YOUR OBJECTIVE: Exactly the lines from the beginning of the listing below through the line that contains "Retrievers & Basset Hounds" should be transcribed, and pictures must stay out.

INFORMATION SUPPLIED:

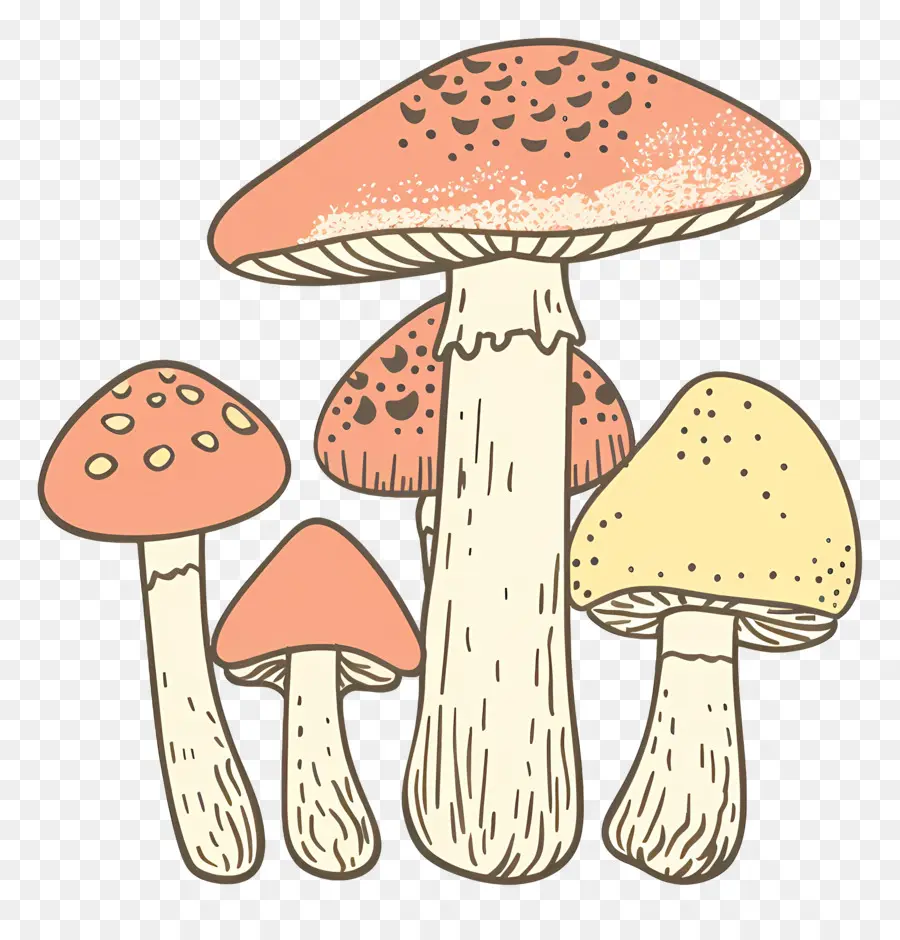 เห็ด Boletus，เห็ด PNG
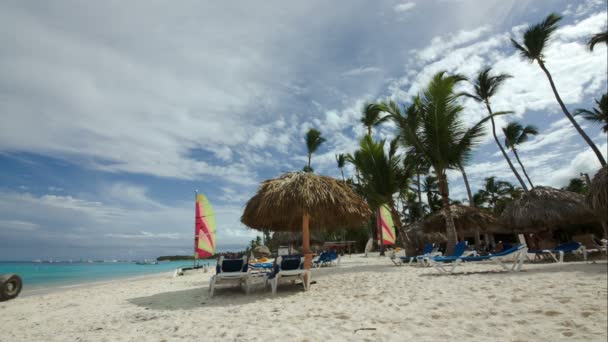 Tropischer Strand mit Liegestühlen und Sonnenschirmen — Stockvideo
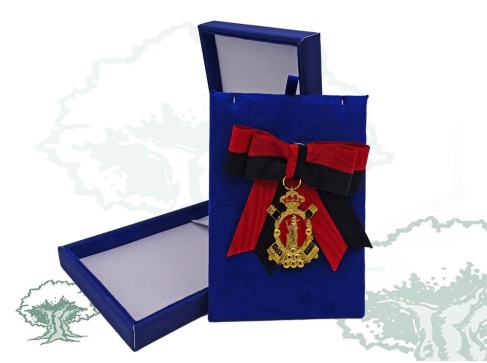 Lazo Quinto Centenario de Santa Bárbara de lujo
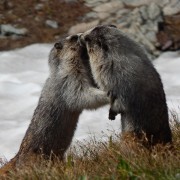 DSCN2264.jpg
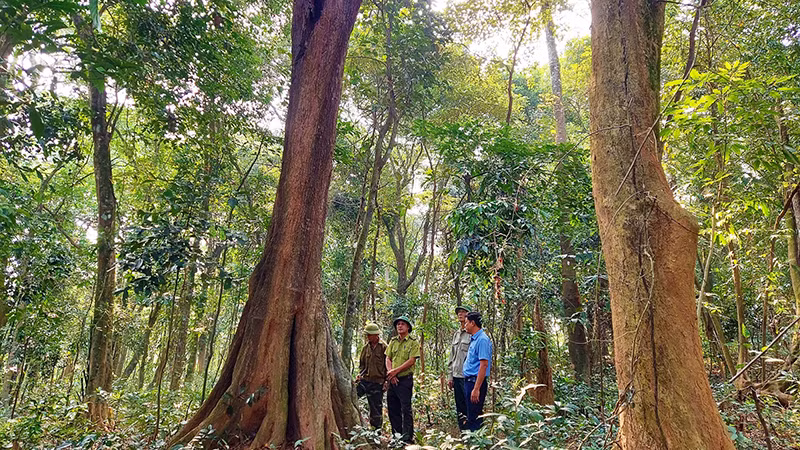 Rừng tự nhiên ở thôn Đông Thành, xã Nam Trạch, huyện Bố Trạch (Quảng Bình) được giữ gìn phát triển tốt.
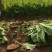 清油快菜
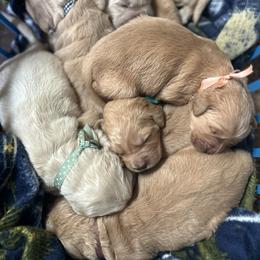 3rd  pick girl - Golden female Golden Retriever puppy in Clay Center, Nebraska from Storm Chasers- Golden Retrievers & Basset Hounds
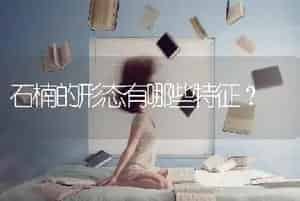 石楠的形态有哪些特征？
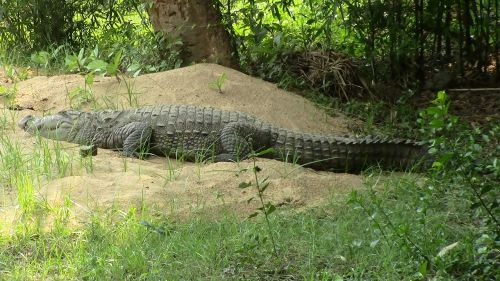 crocodile reptile crocodylus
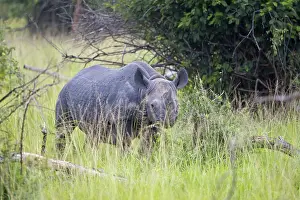 Black rhinoceros (Diceros bicornis) or black rhino in tall grass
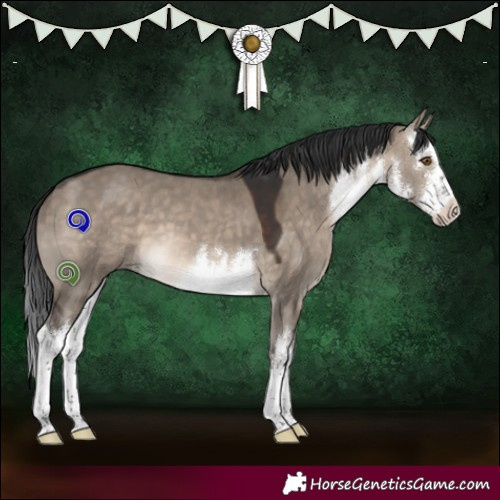 Horse Color:White Spotted Brown Dun 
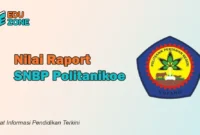 Rata Rata Nilai SNBP Politanikoe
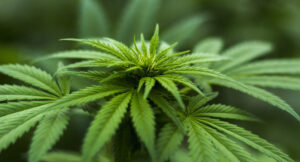cannabis pflanze 612 20250428 203936
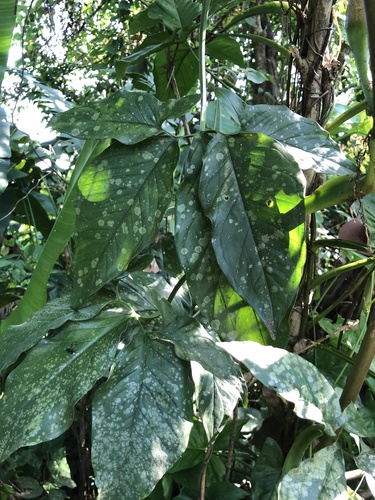 Syngonium podophyllum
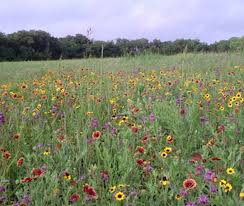 Check spelling or type a new query. Wildflowers Native Texas Mix 1 Pound East Texas Seed Company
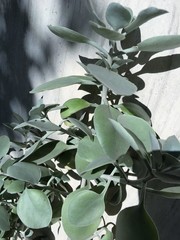 Kalanchoe orgyalis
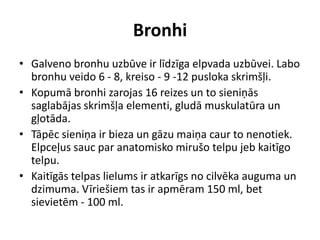 Bronhi
• Galveno bronhu uzbūve ir līdzīga elpvada uzbūvei. Labo
  bronhu veido 6 - 8, kreiso - 9 -12 pusloka skrimšļi.
• Kopumā bronhi zarojas 16 reizes un to sieniņās
  saglabājas skrimšļa elementi, gludā muskulatūra un
  gļotāda.
• Tāpēc sieniņa ir bieza un gāzu maiņa caur to nenotiek.
  Elpceļus sauc par anatomisko mirušo telpu jeb kaitīgo
  telpu.
• Kaitīgās telpas lielums ir atkarīgs no cilvēka auguma un
  dzimuma. Vīriešiem tas ir apmēram 150 ml, bet
  sievietēm - 100 ml.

SOLUTION:
 เห็ด Boletus，เห็ด PNG
 Tropischer Strand mit Liegestühlen und Sonnenschirmen — Stockvideo
 Lazo Quinto Centenario de Santa Bárbara de lujo
 DSCN2264.jpg
 Rừng tự nhiên ở thôn Đông Thành, xã Nam Trạch, huyện Bố Trạch (Quảng Bình) được giữ gìn phát triển tốt.
 清油快菜
 3rd  pick girl - Golden female Golden Retriever puppy in Clay Center, Nebraska from Storm Chasers- Golden Retrievers & Basset Hounds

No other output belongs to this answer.